[patch 6/6] s390: dynamic page tables.

[Date Prev][Date Next][Thread Prev][Thread Next][Date Index][Thread Index]

 



From: Martin Schwidefsky <schwidefsky@xxxxxxxxxx>

Add support for different number of page table levels dependent
on the highest address used for a process. This will cause a 31 bit
process to use a two level page table instead of the four level page
table that is the default after the pud has been introduced.
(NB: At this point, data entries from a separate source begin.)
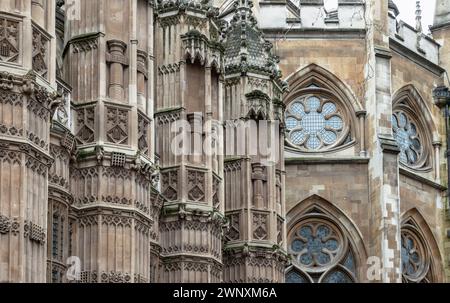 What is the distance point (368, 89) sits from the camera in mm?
60062

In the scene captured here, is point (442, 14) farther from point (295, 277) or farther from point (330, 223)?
point (295, 277)

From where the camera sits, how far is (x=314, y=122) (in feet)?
200

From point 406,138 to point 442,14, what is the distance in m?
7.26

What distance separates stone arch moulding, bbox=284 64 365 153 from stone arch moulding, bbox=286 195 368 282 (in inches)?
89.9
Likewise
a normal 64 bit process will use three levels instead of four. Only
if a process runs out of the 4 tera bytes which can be addressed with
a three level page table the fourth level is dynamically added. Then
the process can use up to 8 peta byte.

To upgrade a page table to the next level the arch_update_pgd hook
in get_unmapped_area is used.

Signed-off-by: Martin Schwidefsky <schwidefsky@xxxxxxxxxx>
---

 arch/s390/kernel/traps.c       |    3 +-
 arch/s390/mm/fault.c           |   40 ++++++++++++++++++++++++++++
 arch/s390/mm/init.c            |    5 ++-
 arch/s390/mm/mmap.c            |    4 ++
 arch/s390/mm/pgtable.c         |   57 +++++++++++++++++++++++++++++++++++++++++
 include/asm-s390/a.out.h       |    2 -
 include/asm-s390/elf.h         |    2 -
 include/asm-s390/mmu.h         |    1 
 include/asm-s390/mmu_context.h |   10 +++++--
 include/asm-s390/pgalloc.h     |   47 +++++++++++++++++++++++++--------
 include/asm-s390/pgtable.h     |   24 +++++++++++++----
 include/asm-s390/tlb.h         |   10 +++++++
 12 files changed, 181 insertions(+), 24 deletions(-)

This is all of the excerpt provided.